Generating a Pydantic model¶
An inferred Schema can be turned into a Pydantic model for later validation or
typing work.
from agora.schema import infer_schema
schema = infer_schema(
[
{"user-id": 42, "class": "vip"},
],
table="raw-users",
)
UserRecord = schema.to_pydantic_model()
record = UserRecord.model_validate({"user-id": 42, "class": "vip"})
print(record.user_id)
print(record.class_)
Agora keeps original column names as aliases, so fields like user-id and
class still round-trip correctly with model_dump(by_alias=True).

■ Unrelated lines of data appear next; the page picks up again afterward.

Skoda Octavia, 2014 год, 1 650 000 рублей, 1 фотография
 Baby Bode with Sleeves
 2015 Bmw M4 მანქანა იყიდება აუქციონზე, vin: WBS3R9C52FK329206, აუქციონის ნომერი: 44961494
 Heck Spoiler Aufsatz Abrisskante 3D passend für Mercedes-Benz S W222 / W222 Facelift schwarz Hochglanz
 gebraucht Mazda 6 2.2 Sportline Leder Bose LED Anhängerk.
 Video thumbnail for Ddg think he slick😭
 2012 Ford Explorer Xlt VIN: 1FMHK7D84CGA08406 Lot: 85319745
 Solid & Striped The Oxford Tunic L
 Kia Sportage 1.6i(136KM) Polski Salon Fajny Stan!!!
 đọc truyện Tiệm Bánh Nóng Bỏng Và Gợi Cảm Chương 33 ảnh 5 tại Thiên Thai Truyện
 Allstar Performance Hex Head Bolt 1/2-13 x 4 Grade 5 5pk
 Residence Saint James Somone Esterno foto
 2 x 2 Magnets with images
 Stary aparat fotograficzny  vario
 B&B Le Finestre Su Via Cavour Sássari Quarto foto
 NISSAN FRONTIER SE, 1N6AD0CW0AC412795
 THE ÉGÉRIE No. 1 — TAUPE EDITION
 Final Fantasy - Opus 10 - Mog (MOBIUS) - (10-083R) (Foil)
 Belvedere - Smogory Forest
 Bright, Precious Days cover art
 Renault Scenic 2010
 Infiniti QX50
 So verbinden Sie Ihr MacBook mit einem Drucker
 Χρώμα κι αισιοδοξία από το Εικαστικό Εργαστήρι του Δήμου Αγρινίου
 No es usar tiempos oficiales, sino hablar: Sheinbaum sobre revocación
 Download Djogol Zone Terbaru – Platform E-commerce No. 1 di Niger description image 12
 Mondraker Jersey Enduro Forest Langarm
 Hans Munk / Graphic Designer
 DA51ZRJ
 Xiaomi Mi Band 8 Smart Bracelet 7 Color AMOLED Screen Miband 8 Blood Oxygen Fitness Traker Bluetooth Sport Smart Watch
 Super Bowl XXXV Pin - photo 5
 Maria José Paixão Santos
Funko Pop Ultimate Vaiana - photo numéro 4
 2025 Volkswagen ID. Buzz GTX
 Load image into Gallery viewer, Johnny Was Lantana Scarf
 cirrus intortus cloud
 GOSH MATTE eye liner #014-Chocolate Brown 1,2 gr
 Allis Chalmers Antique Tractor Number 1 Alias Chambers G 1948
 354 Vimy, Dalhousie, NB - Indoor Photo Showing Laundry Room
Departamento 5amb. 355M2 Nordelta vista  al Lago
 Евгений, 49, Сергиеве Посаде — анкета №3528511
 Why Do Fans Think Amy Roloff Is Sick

Working with downstream sinks¶
Core Agora schema helpers are sink-agnostic. They tell you what the records look like; destination-specific table creation or migration lives in plugin packages.
A common pattern is:
- use
SchemaMiddlewareto observe and persist the schema - read
ctx.extras["schema"]or the stored schema - hand that schema to a sink adapter from a plugin package
For example, the PostgreSQL plugin provides schema-aware adapters that can use the inferred schema when writing to a table.
Common limits and surprises¶
SchemaMiddlewareonly understands record-like objects that expose fields as a dict,model_dump(), or__dict__. Opaque objects infer no columns.- Nested dicts and lists are inferred as
json. Agora does not recursively expand nested schemas in core. - There is no built-in schema compaction, rename detection, or column removal workflow in core. Evolution is additive plus type widening.
SchemaMiddlewareis not part of the generic middleware registry. Import it fromagora.schema.